Although the entries contain pictures, write out only their text, exactly as it stands.

····················

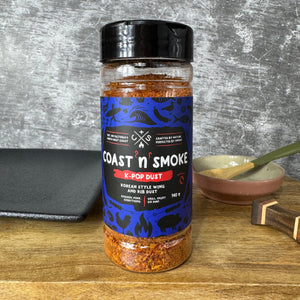 dark blue labelled bbq rub on a wooden board with dishes around it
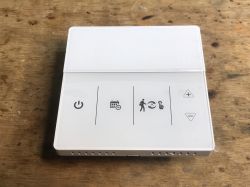 Touch Panel Room Thermostat White room thermostat with touch buttons on a wooden background.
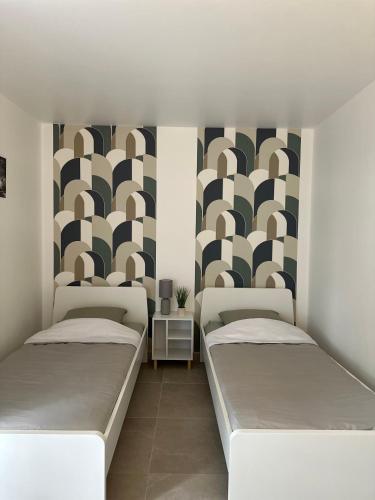 Cette chambre comprend 2 lits et une fresque murale. dans l'établissement 6Personne,10mn de disney,30mn de paris,parking, à Bussy-Saint-Georges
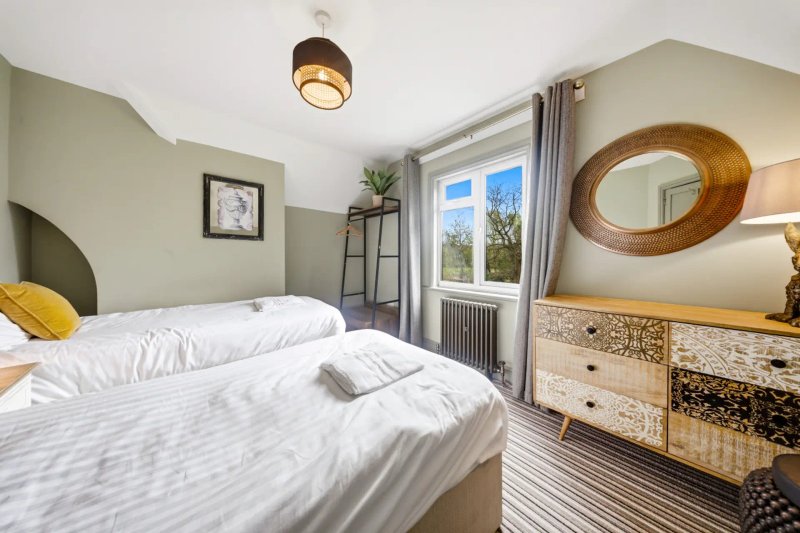 Bright bedroom with two single beds, wooden dresser, round mirror and garden view
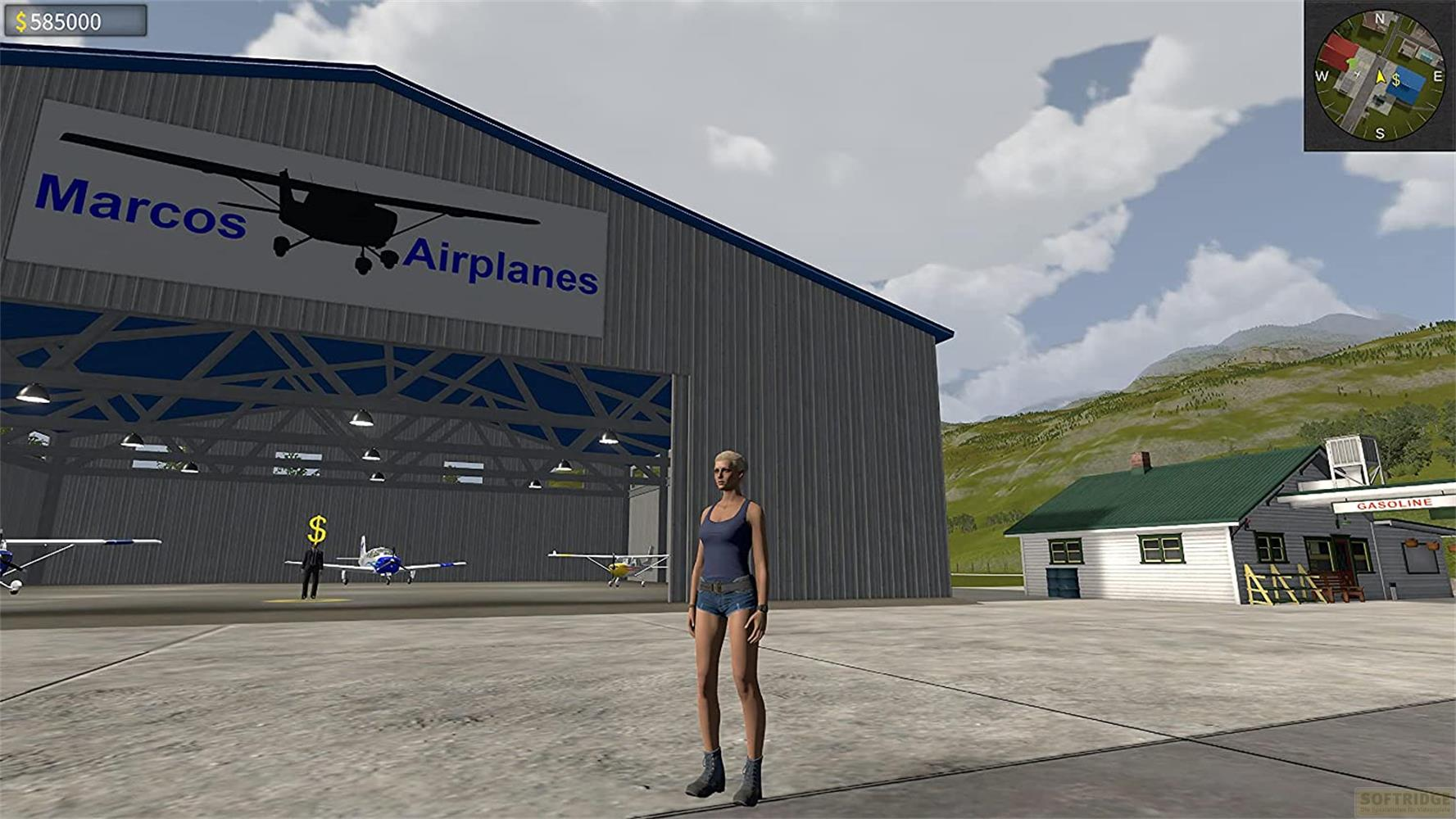 Eine Frau steht vor einem Hangar mit Flugzeugen, ein kleines Gebäude und Berge im Hintergrund.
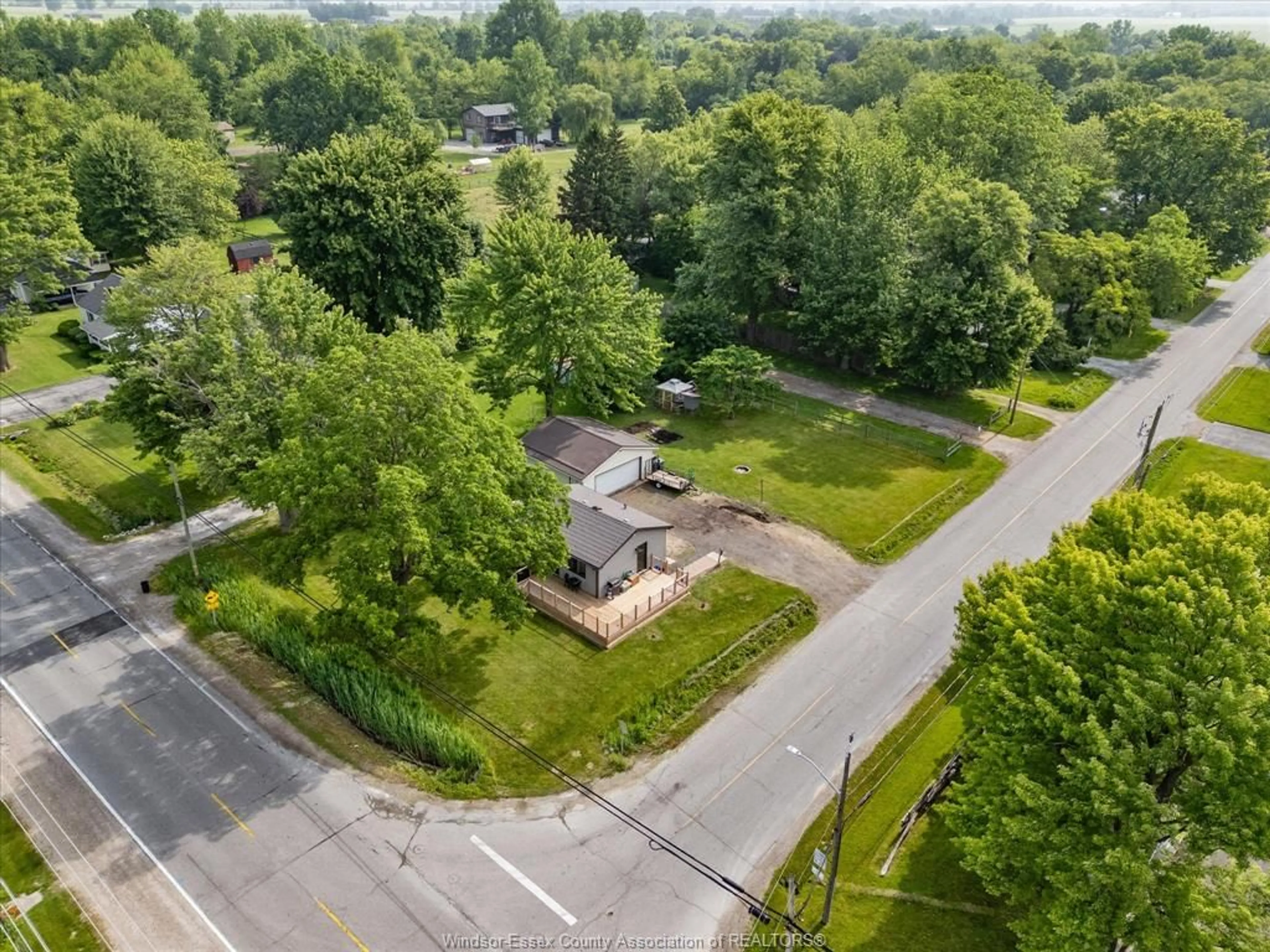 A pic from outside/outdoor area/front of a property/back of a property/a pic from drone, street for 8650 Malden Rd, LaSalle Ontario N9J 2V7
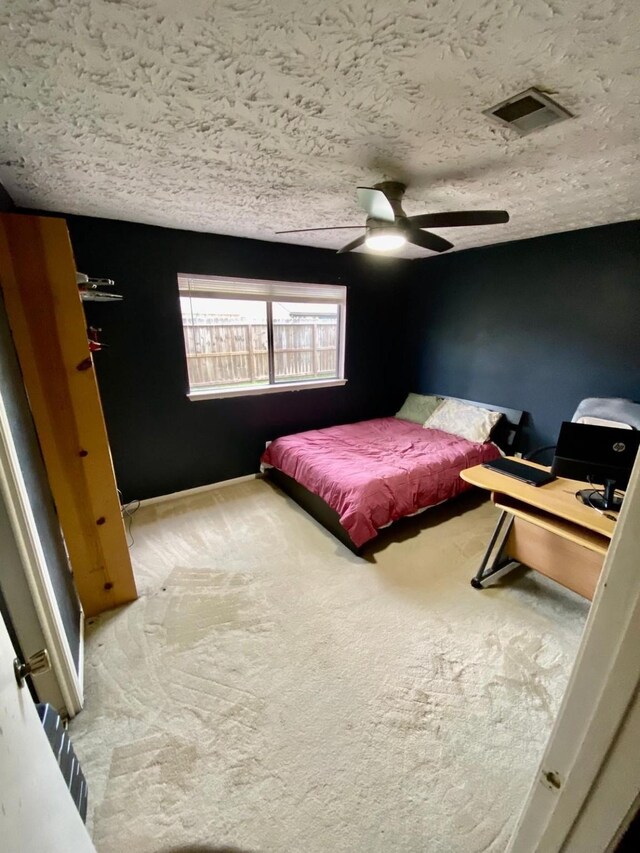 1903 Barons Gln, Sugar Land, TX 77478 - bedroom featuring carpet flooring, a textured ceiling, and a ceiling fan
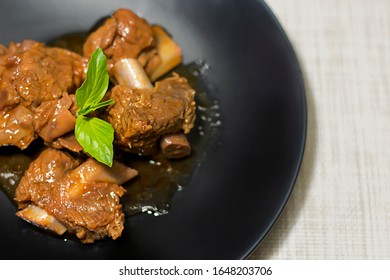 Braised Pork Ribs In A Black Dish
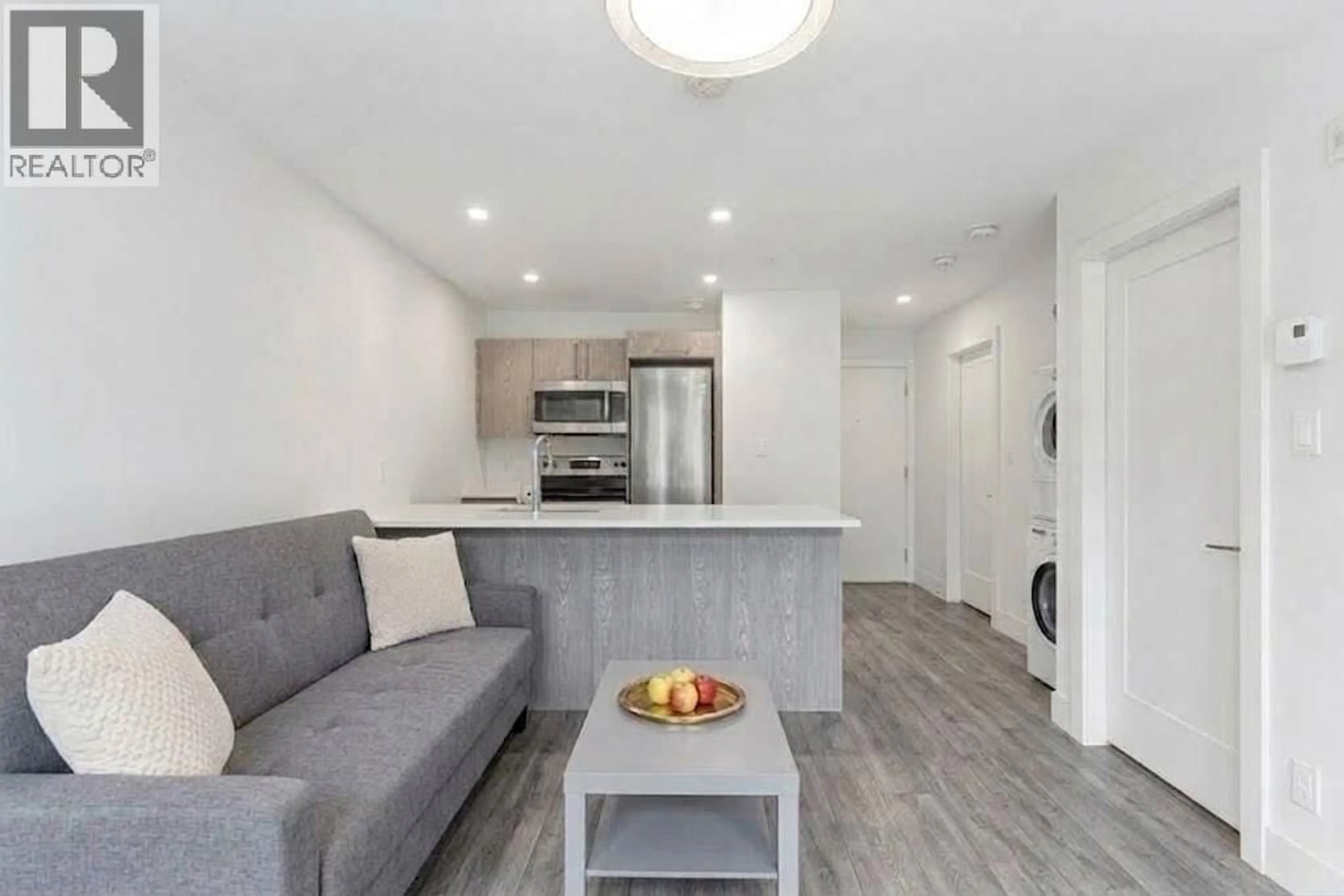 Open concept kitchen, wood/laminate floor for 314 - 7350 CRABAPPLE COURT, Pemberton British Columbia V0N2L1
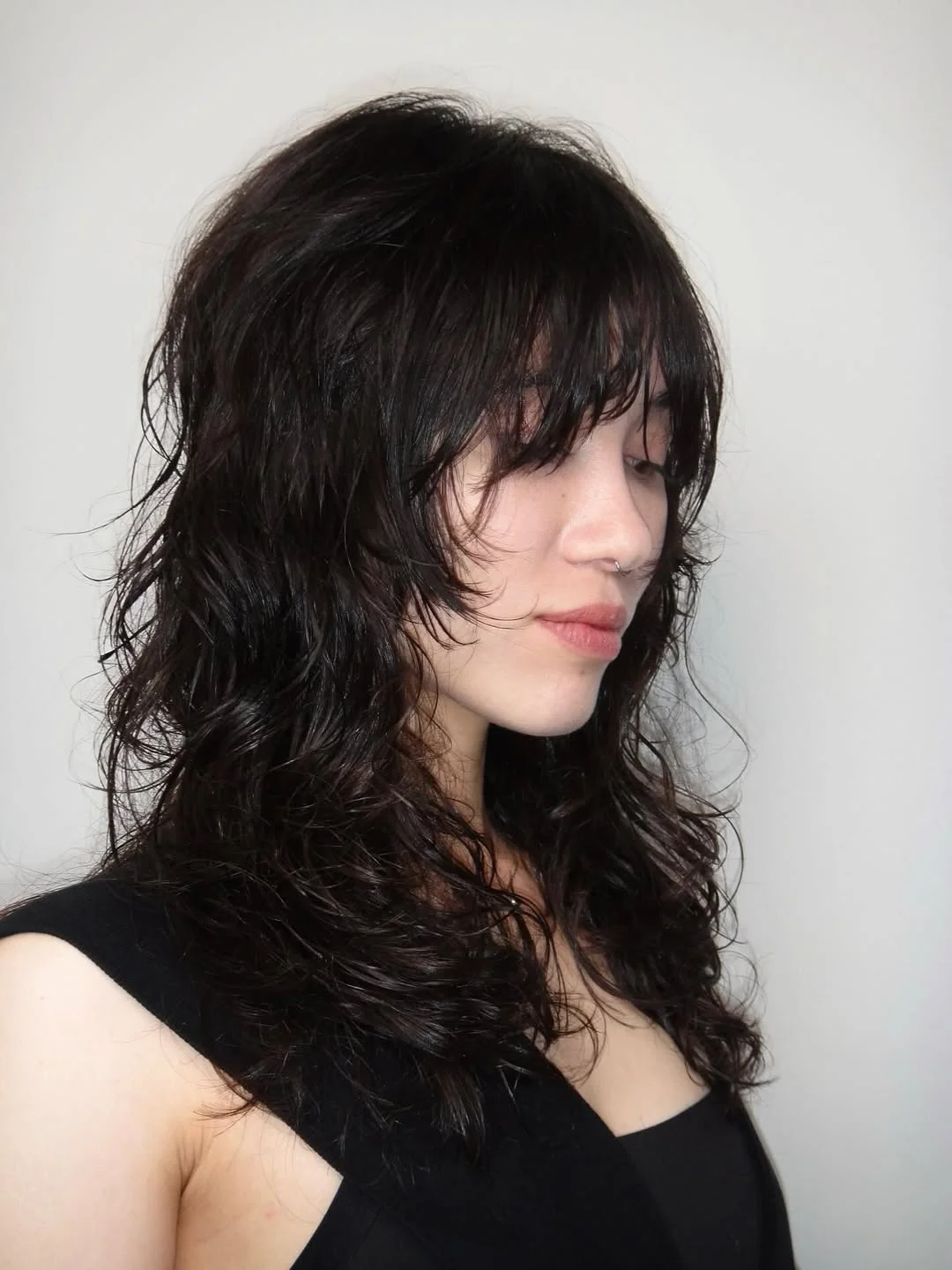 chic summer haircut 2026 Textured Midnight Shag With Airy Face-Framing Pieces
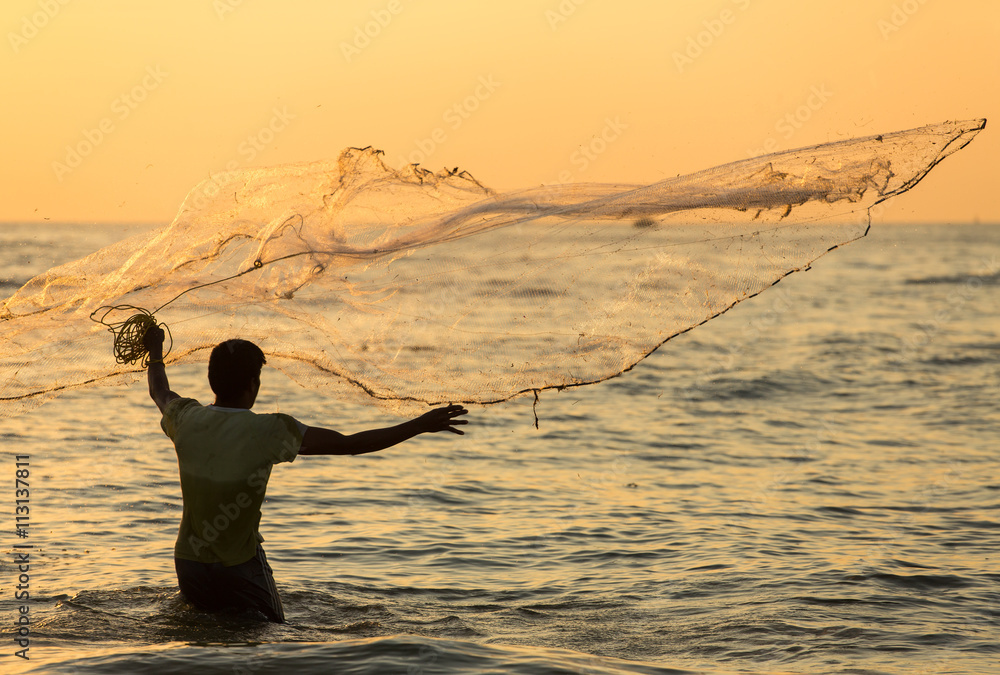 Φωτογραφία Silhouette of the unidentified Indian fisherman throwing net in sea on sunset in Fort Kochi, India
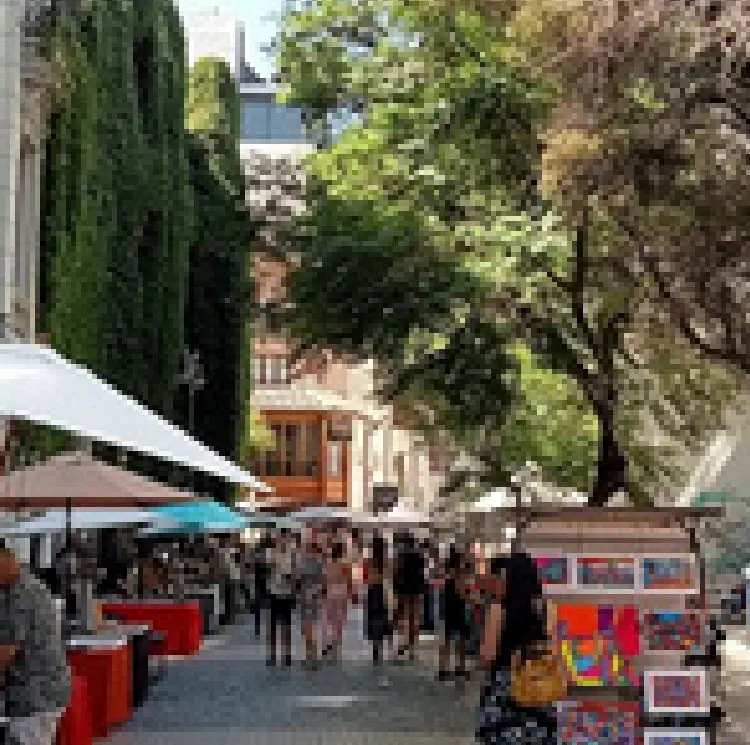 Rua arborizada do bairro Lastarria com barracas de artesanato e pedestres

····················

## ANSWER TO THIS PROBLEM
 dark blue labelled bbq rub on a wooden board with dishes around it
 Touch Panel Room Thermostat White room thermostat with touch buttons on a wooden background.
 Cette chambre comprend 2 lits et une fresque murale. dans l'établissement 6Personne,10mn de disney,30mn de paris,parking, à Bussy-Saint-Georges
 Bright bedroom with two single beds, wooden dresser, round mirror and garden view
 Eine Frau steht vor einem Hangar mit Flugzeugen, ein kleines Gebäude und Berge im Hintergrund.
 A pic from outside/outdoor area/front of a property/back of a property/a pic from drone, street for 8650 Malden Rd, LaSalle Ontario N9J 2V7
 1903 Barons Gln, Sugar Land, TX 77478 - bedroom featuring carpet flooring, a textured ceiling, and a ceiling fan
 Braised Pork Ribs In A Black Dish
 Open concept kitchen, wood/laminate floor for 314 - 7350 CRABAPPLE COURT, Pemberton British Columbia V0N2L1
 chic summer haircut 2026 Textured Midnight Shag With Airy Face-Framing Pieces
 Φωτογραφία Silhouette of the unidentified Indian fisherman throwing net in sea on sunset in Fort Kochi, India
 Rua arborizada do bairro Lastarria com barracas de artesanato e pedestres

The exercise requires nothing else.